Crawled caption data:
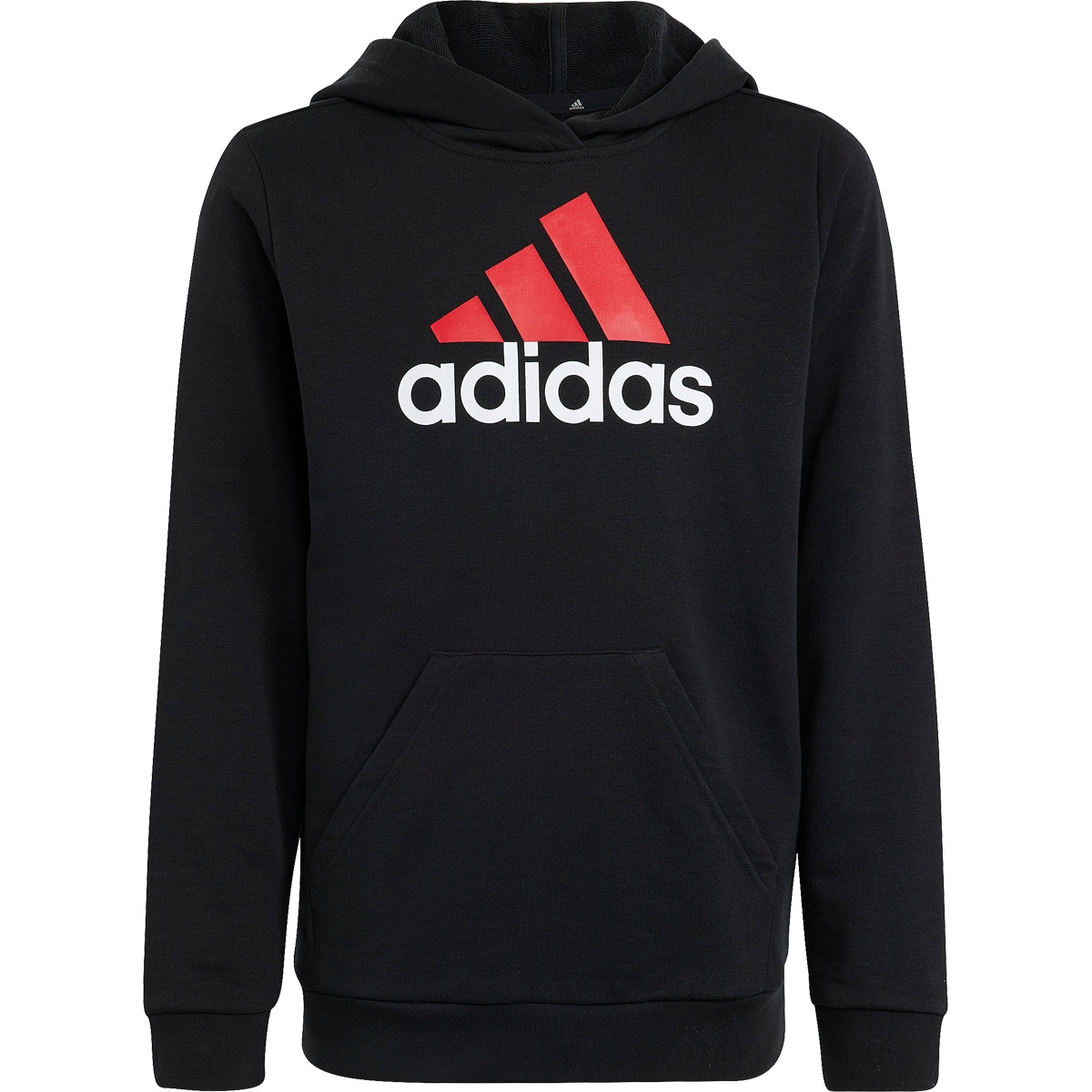 Adidas hoodie juniors outlet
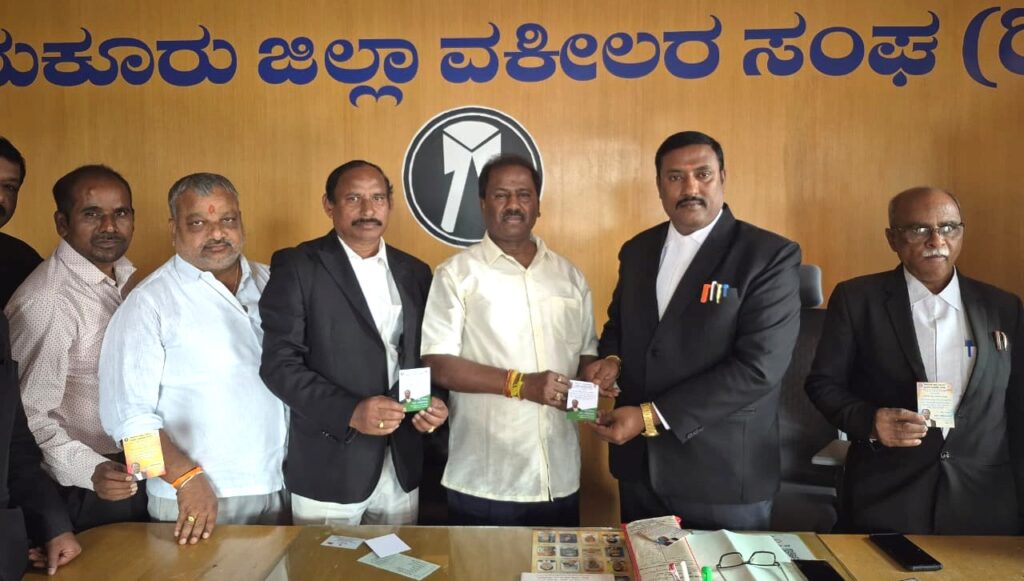 WhatsApp Image 2025-11-22 at 7.37.37 PM (1)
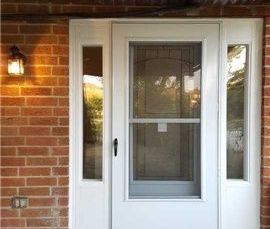For Lease - 87 Andrea Lane Unit# Lower, Vaughan, Ontario - Photo 2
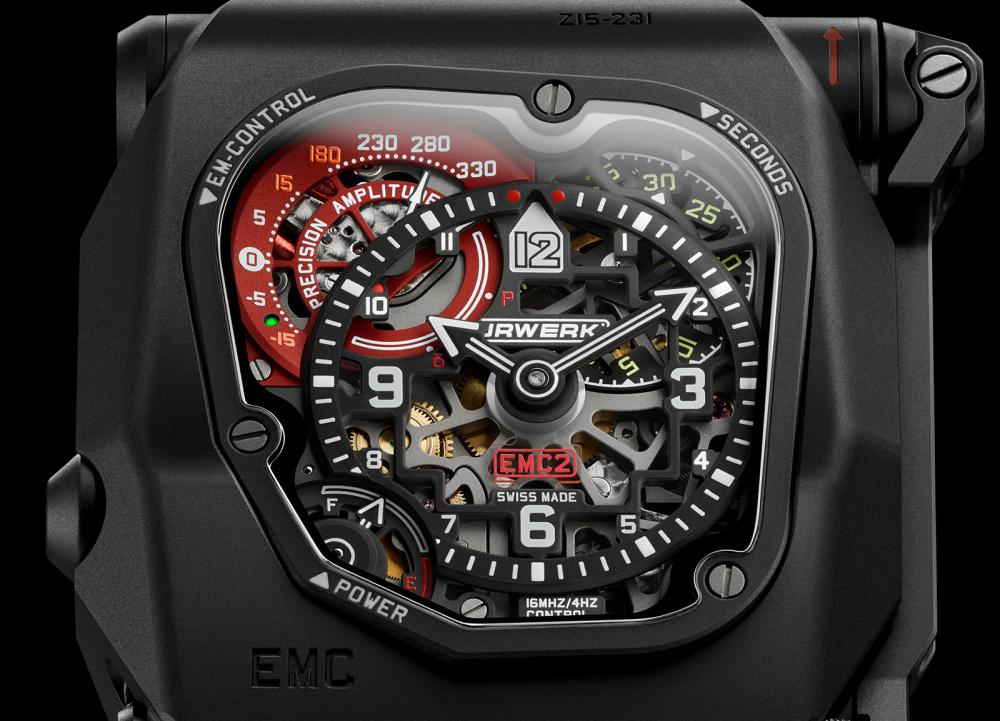 Urwerk-EMC-TimeHunter-X-Ray-5.jpg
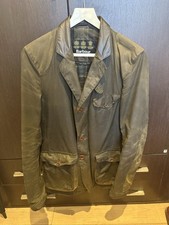 Barbour beacon heritage for sale  LONDON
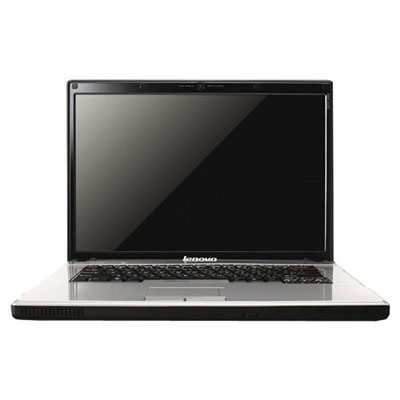 ноутбук Lenovo IdeaPad G430 59020660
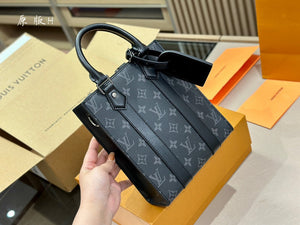 BRC Fashion Lu-Vi Bags - 14663 Breeze Chic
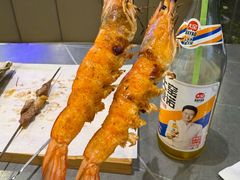 -生蚝园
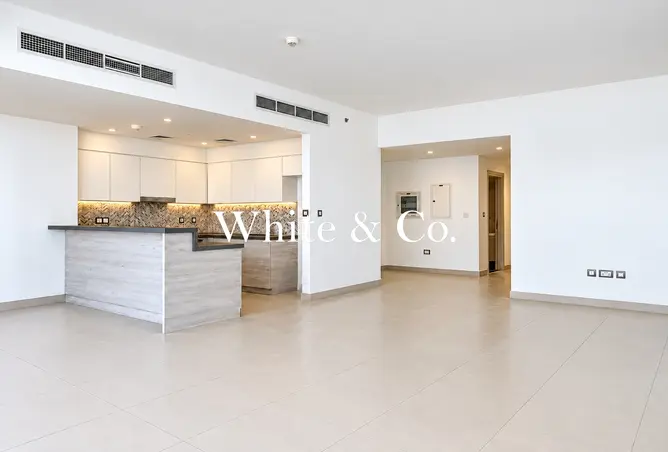 159157228 - Property Image 3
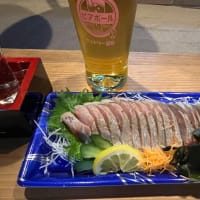 囲炉裏で楽しむ地酒と肴⑫
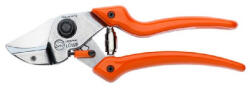 Löwe metszőolló 7.107 (PE-6216)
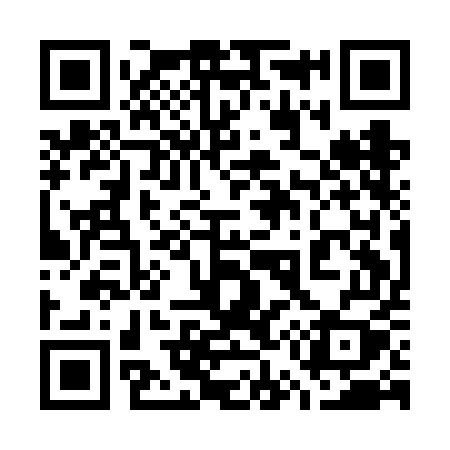 QR code for 751FEY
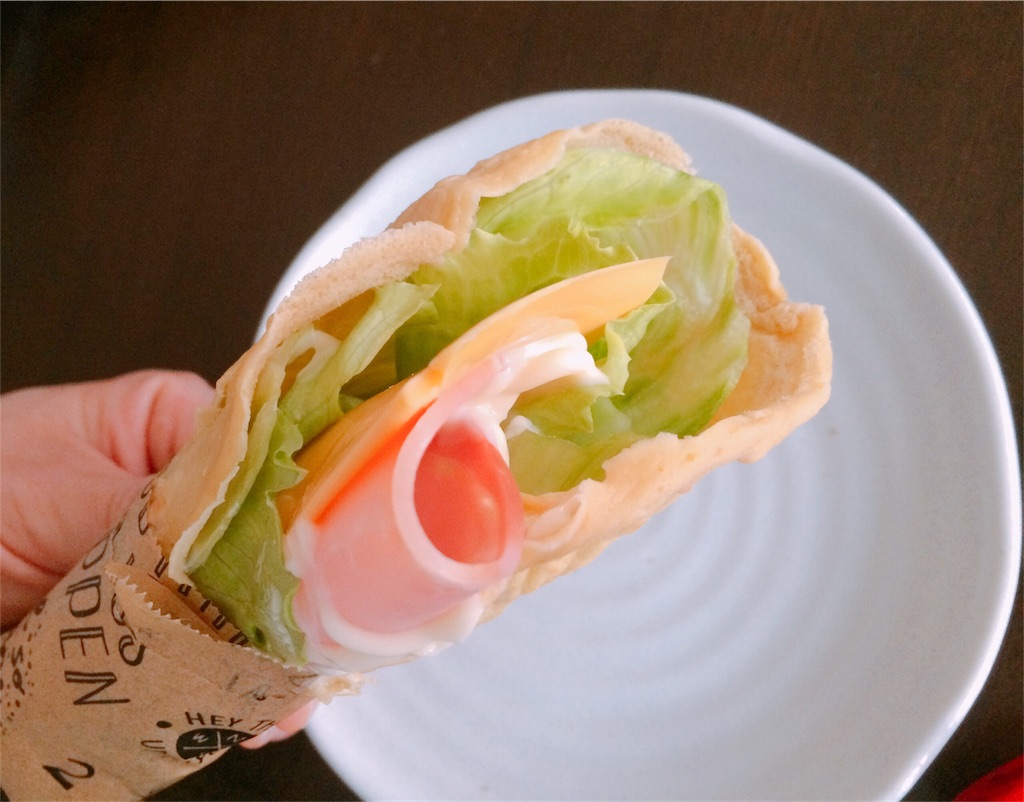 f:id:AmyAmy:20190604110759j:image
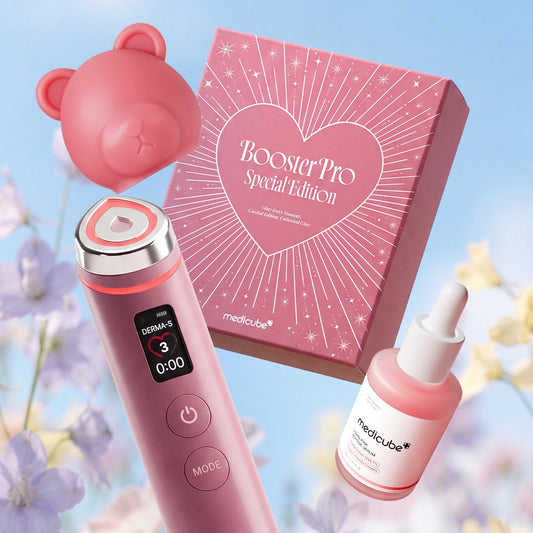 limited-edition-booster-pro-heart-edition-t4 334c2faae003c84bb10522ac09fbe8ad.jpg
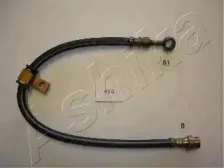 ashika-6904410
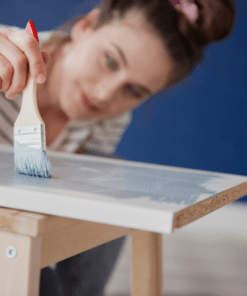 Protezioni & Cere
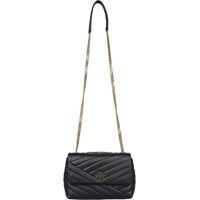 Genti tip postas Kira Shoulder Bag Femei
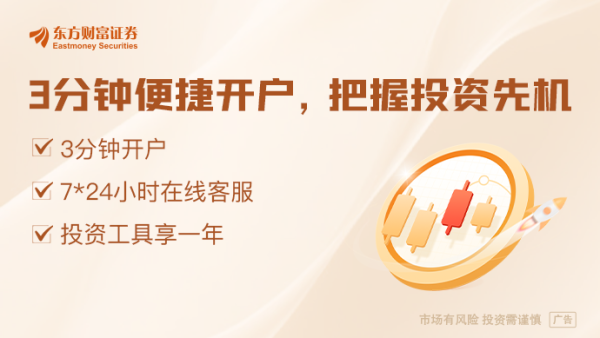 正规网上实盘配资 美联储宣布维持联邦基金利率不变 符合市场预期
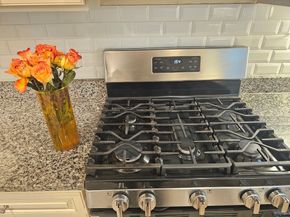 71 Palfrey Street 71, Watertown MA 02471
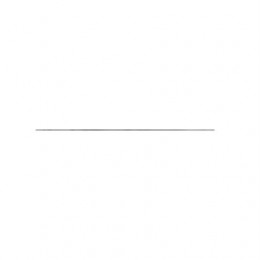 Прокладка, Gasket, R533334 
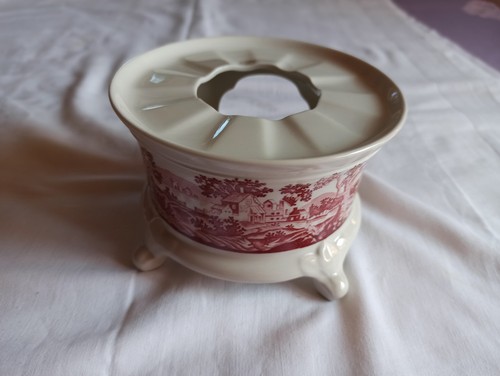 Villeroy boch rusticana rot - boch,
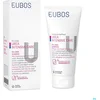 Image de Eubos Urea 5% Shampoo 200ml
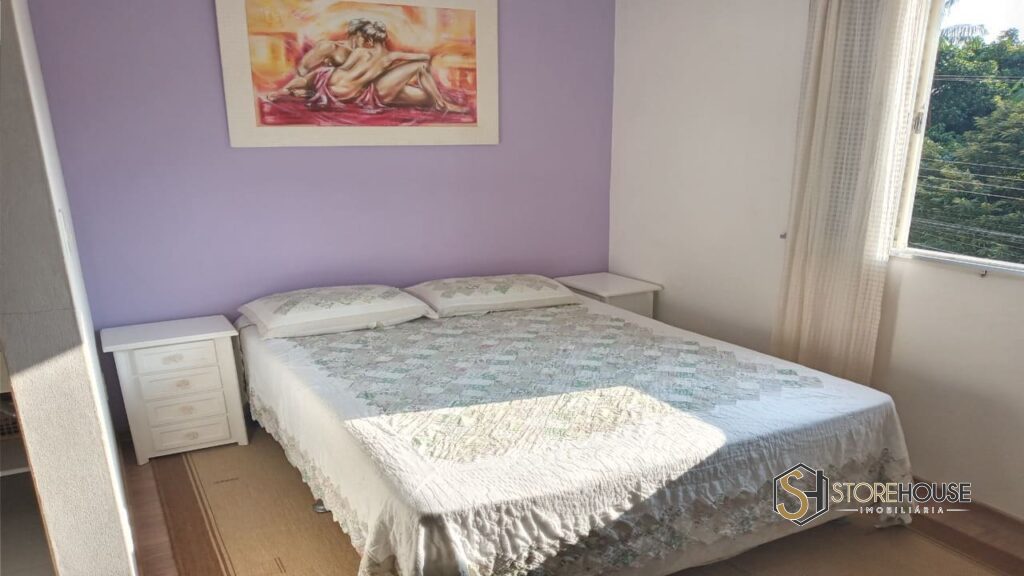 Casa Serra Negra - ref 2513 (7)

- _PROBLEM DETAILS_
Return the lines above from the one with "囲炉裏で楽しむ地酒と肴⑫" through the one with "Protezioni & Cere", verbatim and nothing else. Omit every picture.

- _TASK RESPONSE_
 囲炉裏で楽しむ地酒と肴⑫
 Löwe metszőolló 7.107 (PE-6216)
 QR code for 751FEY
 f:id:AmyAmy:20190604110759j:image
 limited-edition-booster-pro-heart-edition-t4 334c2faae003c84bb10522ac09fbe8ad.jpg
 ashika-6904410
 Protezioni & Cere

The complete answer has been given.